Saved data entries
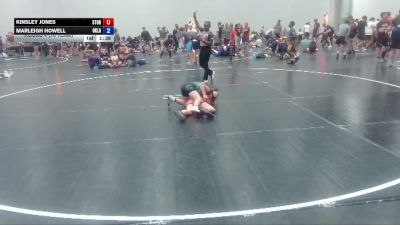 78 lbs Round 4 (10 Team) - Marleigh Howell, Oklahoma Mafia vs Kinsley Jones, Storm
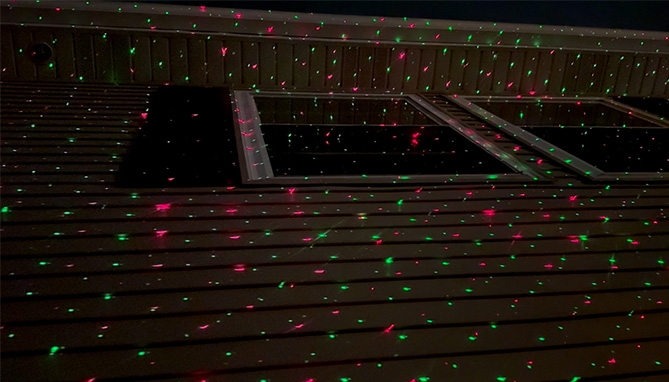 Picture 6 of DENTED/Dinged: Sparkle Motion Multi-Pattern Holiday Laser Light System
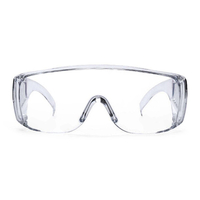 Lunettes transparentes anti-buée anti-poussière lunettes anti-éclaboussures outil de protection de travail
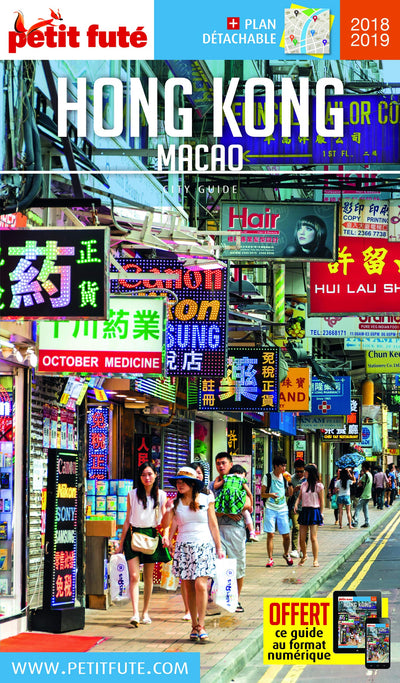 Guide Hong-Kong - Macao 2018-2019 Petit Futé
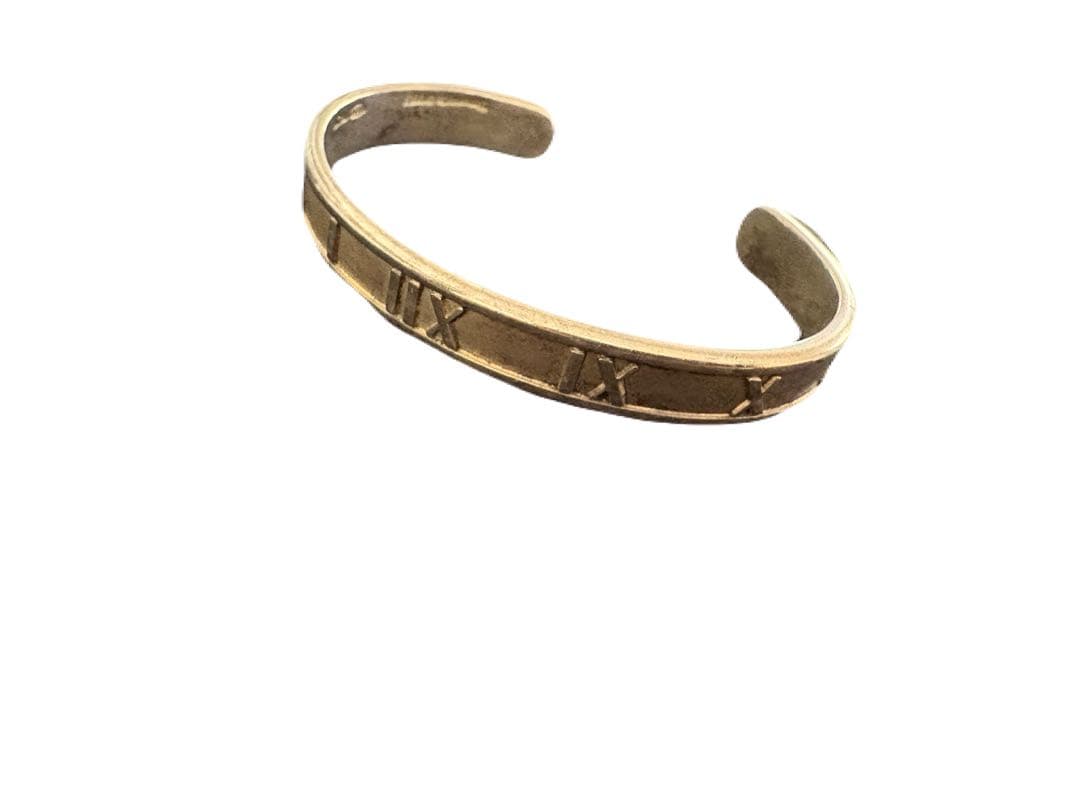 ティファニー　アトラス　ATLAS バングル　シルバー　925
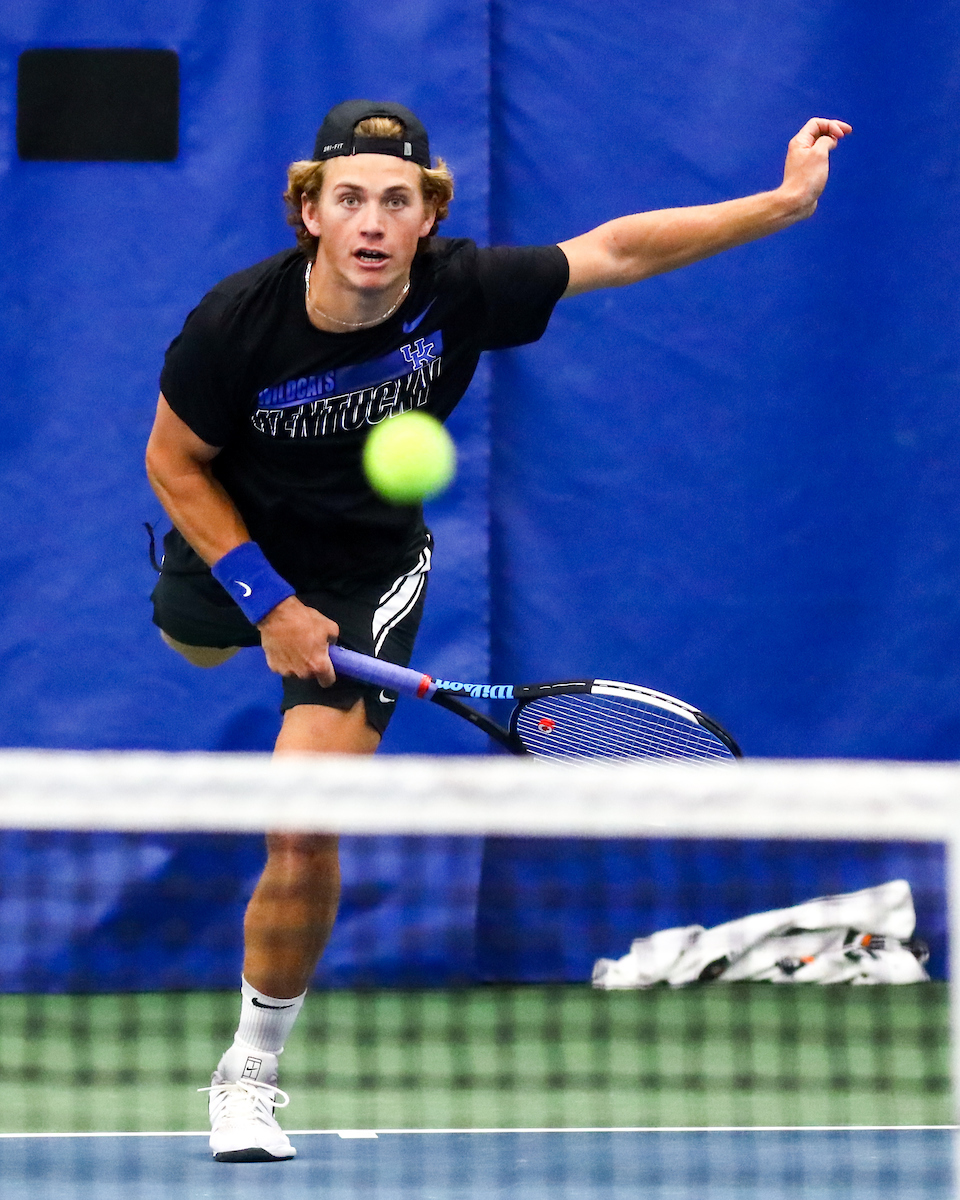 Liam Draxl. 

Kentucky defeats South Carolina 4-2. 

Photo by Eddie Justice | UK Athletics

What you need to do — Without the pictures, print all of the records exactly.

Written solution —
 78 lbs Round 4 (10 Team) - Marleigh Howell, Oklahoma Mafia vs Kinsley Jones, Storm
 Picture 6 of DENTED/Dinged: Sparkle Motion Multi-Pattern Holiday Laser Light System
 Lunettes transparentes anti-buée anti-poussière lunettes anti-éclaboussures outil de protection de travail
 Guide Hong-Kong - Macao 2018-2019 Petit Futé
 ティファニー　アトラス　ATLAS バングル　シルバー　925
 Liam Draxl. 

Kentucky defeats South Carolina 4-2. 

Photo by Eddie Justice | UK Athletics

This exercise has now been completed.